-
Notifications
You must be signed in to change notification settings - Fork 92
Approximate Count and Spatial Queries
We can push approximate count and spatial filters to Druid, if the index has the relevant HyperLogLog, Sketch or Spatial Index on the column.
Approximate Aggregations are pushed to Druid if the pushHLLTODruid option is true on the Druid DataSource(by default this is true). The approx_count_distinct is translated to a hyperUnique aggregation in Druid; whereas DataSketchhive udfs are pushed down as a ThetaSketch aggregator to druid.
When defining a Druid DataSource define DruidRelationColumnInfos to describe the association of source columns to the relevant HyperLogLog, Sketch or Spatial Index. For example consider a ZipCodes DataSet where each row captures the recording of presence(no other metric) at a given time, location(longitude, latitude) and place(state, county, city, zipcode). We build a Druid Index with a HLL and Sketch for the City column(i.e. the city dimension is replaced by an approximate sketch data-structure of it) and a Spatial Index based on the latitude/longitude fields.
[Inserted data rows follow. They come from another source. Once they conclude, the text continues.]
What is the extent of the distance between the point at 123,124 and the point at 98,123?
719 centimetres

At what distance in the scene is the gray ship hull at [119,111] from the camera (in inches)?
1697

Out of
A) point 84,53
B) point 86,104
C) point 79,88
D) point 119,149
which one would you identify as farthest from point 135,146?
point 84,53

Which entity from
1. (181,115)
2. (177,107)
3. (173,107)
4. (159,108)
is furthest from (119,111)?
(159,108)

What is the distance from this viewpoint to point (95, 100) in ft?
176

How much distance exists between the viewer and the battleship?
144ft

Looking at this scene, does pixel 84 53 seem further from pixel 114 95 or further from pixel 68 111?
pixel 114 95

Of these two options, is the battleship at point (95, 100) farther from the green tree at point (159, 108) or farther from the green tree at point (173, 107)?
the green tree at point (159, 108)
The Field definition will be:
[
{
"jsonClass":"DruidRelationColumnInfo",
"column":"city",
"hllMetric":"unique_city",
"sketchMetric":"city_sketch"
},
{
"jsonClass":"DruidRelationColumnInfo",
"column":"latitude",
"spatialIndex":{
"druidColumn":"coordinates",
"spatialPosition":0,
"minValue":-90.0,
"maxValue":90.0
}
},
{
"jsonClass":"DruidRelationColumnInfo",
"column":"longitude",
"spatialIndex":{
"druidColumn":"coordinates",
"spatialPosition":1,
"minValue":-180.0,
"maxValue":180.0
}
}
]
The entire DDL for the Druid DataSource is:
CREATE TABLE if not exists zipCodes
USING org.sparklinedata.druid
OPTIONS (sourceDataframe "default.zipCodesBase",
timeDimensionColumn "record_date",
druidDatasource "zipCodes",
druidHost 'localhost',
zkQualifyDiscoveryNames "true",
numProcessingThreadsPerHistorical '1',
nonAggregateQueryHandling "push_project_and_filters",
columnInfos '[ { "jsonClass" : "DruidRelationColumnInfo", "column" : "city", "hllMetric" : "unique_city", "sketchMetric" : "city_sketch" }, { "jsonClass" : "DruidRelationColumnInfo", "column" : "latitude", "spatialIndex" : { "druidColumn" : "coordinates", "spatialPosition" : 0, "minValue" : -90.0, "maxValue" : 90.0 } }, { "jsonClass" : "DruidRelationColumnInfo", "column" : "longitude", "spatialIndex" : { "druidColumn" : "coordinates", "spatialPosition" : 1, "minValue" : -180.0, "maxValue" : 180.0 } } ]',
allowTopNRewrite "true")
Now we can write queries that compute the approximate count for cities. Here are couple of examples:
select approx_count_distinct(city)
from zipCodes;
select approx_count_distinct(city)
from zipCodesFull
where substring(state,1,1) = 'N';
These get executed as hyperunique aggregations on Druid. For the second query the Druid Query is:
{
"jsonClass":"TimeSeriesQuerySpec",
"queryType":"timeseries",
"dataSource":"zipCodesAll",
"intervals":[
"2016-01-01T00:00:00.000Z/2016-01-01T00:00:01.000Z"
],
"granularity":"all",
"filter":{
"jsonClass":"JavascriptFilterSpec",
"type":"javascript",
"dimension":"state",
"function":"function (state) {\n \n \n \n\n return(((state).substr(0, 1)) == (\"N\"));\n }"
},
"aggregations":[
{
"type":"hyperUnique",
"name":"alias-1",
"fieldName":"unique_city"
}
],
"context":{
"queryId":"query-1091728133402033"
}
}
Coming Soon
You can use Druid Spatial Indexing to build a Spatial Index of 1 or more dimension columns. You then have to describe in the DDL the source column association to the Spatial Index using DruidRelationColumnInfos. For the ZipCodes dataset containing latitude/longitude information for each fact, we describe this so:
[
...,
{
"jsonClass":"DruidRelationColumnInfo",
"column":"latitude",
"spatialIndex":{
"druidColumn":"coordinates",
"spatialPosition":0,
"minValue":-90.0,
"maxValue":90.0
}
},
{
"jsonClass":"DruidRelationColumnInfo",
"column":"longitude",
"spatialIndex":{
"druidColumn":"coordinates",
"spatialPosition":1,
"minValue":-180.0,
"maxValue":180.0
}
}
]
The complete DDL for the ZipCode dataset was given in the Approximate Count Queries section.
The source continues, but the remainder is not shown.